Certainly, Campbell and San Leandro don’t enumerate the elements for establishing a prima facie case of discrimination. Campbell and San Leandro arguably deal more with how to establish a case of interference, as opposed to discrimination. So I think the Board is just saying that in the future Campbell and San Leandro should not be cited as support for the Novato elements. The confusing part is that there still remain at least 7 precedential decisions using the exact same language the Board chose not to adopt in this case. The Board didn’t explicitly overrule those prior decisions. So without a more thorough explanation it’s difficult to tell what the Board intended to be the effect of the footnote.

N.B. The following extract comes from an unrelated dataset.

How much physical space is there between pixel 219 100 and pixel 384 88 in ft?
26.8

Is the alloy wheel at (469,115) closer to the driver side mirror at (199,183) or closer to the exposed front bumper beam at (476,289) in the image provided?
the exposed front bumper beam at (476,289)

My personal opinion is that the footnote is just an instructional comment from the Board to its Board agents. I don’t think there is any intent to change the Novato standard or somehow alter it by removing Campbell and San Leandro as supporting decisions. I think the Board just realized, perhaps belatedly, that Campbell and San Leandro are unnecessary citations to support the Novato elements.